Activity:
Transcribe this listing exactly; omit the pictures.

Collected data:
═══

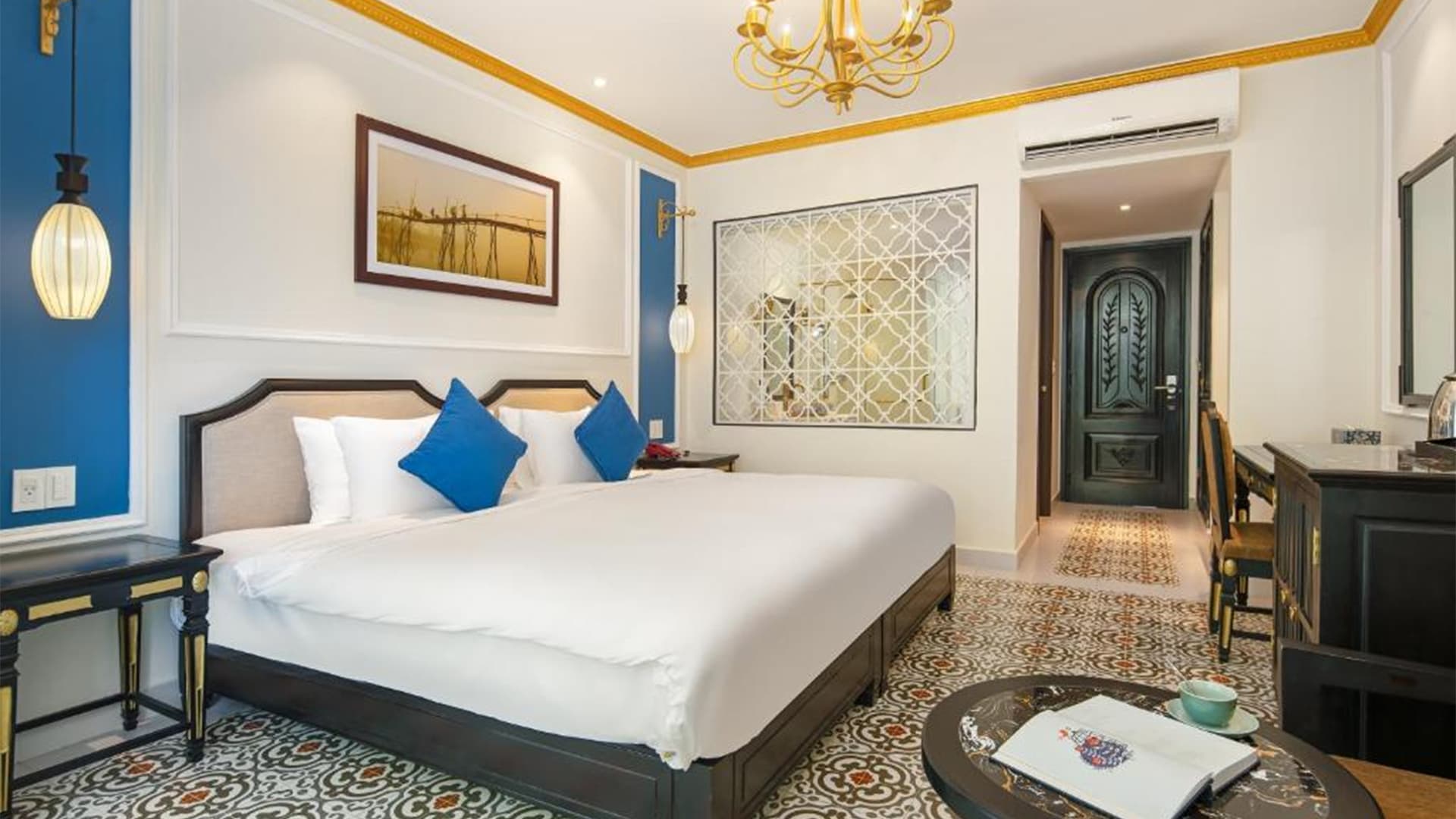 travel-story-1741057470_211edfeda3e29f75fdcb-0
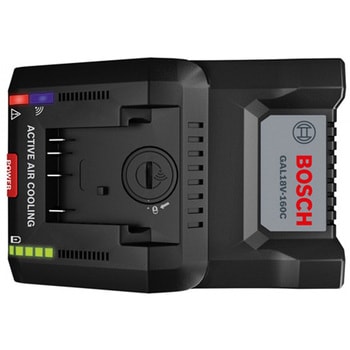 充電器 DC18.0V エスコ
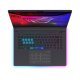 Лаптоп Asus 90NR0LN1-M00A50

═══

Exercise result:
 travel-story-1741057470_211edfeda3e29f75fdcb-0
 充電器 DC18.0V エスコ
 Лаптоп Asus 90NR0LN1-M00A50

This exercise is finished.